HRC president discusses Don’t Ask, Don’t Tell, legislative agenda with EDGE
As lawmakers on Capitol Hill continue to debate the possible repeal of Don’t Ask, Don’t Tell, Joe Solmonese, president of the Human Rights Campaign, offered a pragmatic assessment of the Obama administration’s record on LGBT-specific issues during its first year in office.
"The president’s tenure for our community has been marked by what I think are sweeping victories and unnecessary heartbreak," he told EDGE in an interview less than three hours after the country’s top defense officials called for the military to lift its ban on openly gay and lesbian troops. "That’s just the nature of this relationship. On any given day, it’s going to be our sentiments are going to go from gratitude to frustration."
Indeed, Solmonese pointed to the addition of sexual orientation and gender identity and expression to federal hate crimes statutes last fall, the White House’s defense of the Defense of Marriage Act and its decision to invite the Rev. Rick Warren to deliver the inaugural convocation as examples of sweeping victories and unnecessary heartbreaks. But he was quick to single out the Bush administration’s record on LGBT issues as a primary source of impatience and, at times, outright anger many activists continue to express.
"It’s important to recognize our community’s frustration is a result of nearly a decade of inaction; nearly a decade of being in a defensive mode," Solmonese said. "It took nearly eight years to nearly ruin this country; it’s taking longer to put it back together."
2009 proved a mixed bag on LGBT-specific issues. Voters in Maine approved a referendum that overturned a law that had allowed gays and lesbians to marry in their state.

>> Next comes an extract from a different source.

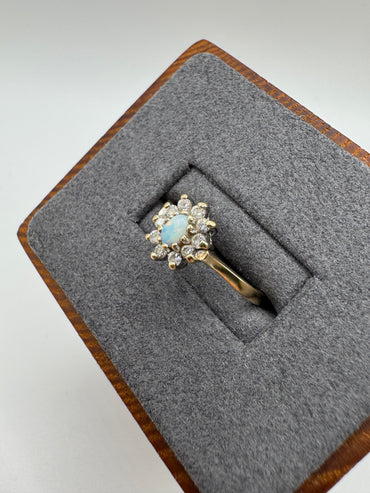 9ct gold opal and cz ring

The New York State Senate struck down a measure that would have allowed same-sex couples to tie the knot. And the California Supreme Court upheld Prop 8. On the flip-side, Nevada became the 17th state to extend some form of legal recognition to gay and lesbian couples when its domestic partnership law took effect in October.
"We look everywhere," Solmonese said as he praised the Nevada activists who successfully lobbied their legislators to support the measure. "We don’t look at simply blue or red states on how to bring change to this community."
Solmonese described Houston Mayor Annise Parker’s election late last year as another milestone.
"It’s historic and important to the community she happened to be a lesbian," he added.
Solmonese also singled out U.S. Sen. Kirsten Gillibrand [D-N.Y.] for the prominent role she continues to play in the DADT debate. Gillibrand is scheduled to speak at the HRC’s annual New York dinner on Saturday, but Solmonese compared her to the late-U.S. Sen. Edward Kennedy [D-Mass.] for her ability to "look across the landscape and identify the people who are in the need of the most help."
"She has, in a very historic way, taken on the cause of Don’t Ask, Don’t Tell and LGBT issues," he said. "She has been incredibly thoughtful on it and incredibly courageous about it. She is one of the very few people on the hill who reaches out to me - on her own."
Gillibrand, who succeeded Secretary of State Hillary Clinton in the U.S. Senate in Jan., 2009, faces a potentially difficult election campaign this fall. Solmonese further acknowledged the marriage defeat in Albany and the New Jersey State Senate’s vote against nuptials for same-sex couples last month were set-backs. He added, however, should keep fighting.
"One of our biggest challenges, whether the New York marriage fight or Don’t Ask, Don’t Tell in Congress, is to keep our eye on the prize and not lose sight of the fact of the fact of how difficult this fight will be," Solmonese said. "But when we win, it’s historic and it’s permanent."